What is "sorry" enough?

Mattel hit a rough patch. Its toys are being pulled from shelves left and right, and, maybe worse yet, for a variety of problems, from choking hazards to lead paint.

The tide started with a recall two weeks ago, and, as AdAge points out, Mattel decided to rely on the news media to deploy its heartfelt apologies. Then, more recalls and full page ads in the WSJ, NYT, and USA Today. Mattel is sorry and now it’s paying to tell you so. And if you happen to be on the website, the company put together a video address from Chairman-CEO Bob Eckert.

I have been thinking about managing disaster more than usual lately with the local response to our city’s bridge collapse. I walked around in the on a neighboring bridge the day 35W fell and was surrounded by thousands of other people who just couldn’t stay in their living rooms any longer, who needed to get out and feel like there were still other people out there. After disaster, people want to gather and feel comforted by community.

Later that night, police shut the walking bridge. It stayed closed for a week. The bridge that connects the city, where tourists take photos of our skyline and new theater, a bridge on countless runners’ and bikers’ daily routes. The city didn’t realize that, when it shut down the bridge, it did more than further complicate transportation. It closed a gathering place for healing.
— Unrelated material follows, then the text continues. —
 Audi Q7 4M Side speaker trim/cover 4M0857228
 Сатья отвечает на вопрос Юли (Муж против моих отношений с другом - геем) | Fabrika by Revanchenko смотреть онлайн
Where people could have left flowers or flags or notes or just paused for a minute to reflect on the intensity of what happened. There was no place for us to socialize what happened, to make sense of it and figure it into our reality.

Is Mattel’s reaction to endangering millions of people’s kids was not only recycled straight from the handbook of “how to save face when you've f-ed up,” but it’s one-way in a time when we are communal. Mattel needs its bridge, and if it does things right, it can own “recuperation.” Set up a smartly-played online community, start a news feed updating the percentage of tainted product that are reeled in, solicit input from moms and dads of places they’ve seen the recalled products. Give people a chance to feel like they can DO something.

3 comments:

salina said...

http://www.startribune.com/357/story/1362876.html

Anonymous said...

I agree that the approach taken by Mattel was definately "textbook" crisis management, but they are at least facing their responsibilities. Consumers will remember Mattel for their quick and effective response to the problem and will feel comfortable purchasing their products again. They've owned up to their mistake, and isn't that what we all expect and want from each other? It's not about not making mistakes but about learning to accept responsibility for them when they happen.

Anonymous said...

Hey fellow "anonymous", do you work for Mattel, or their PR firm?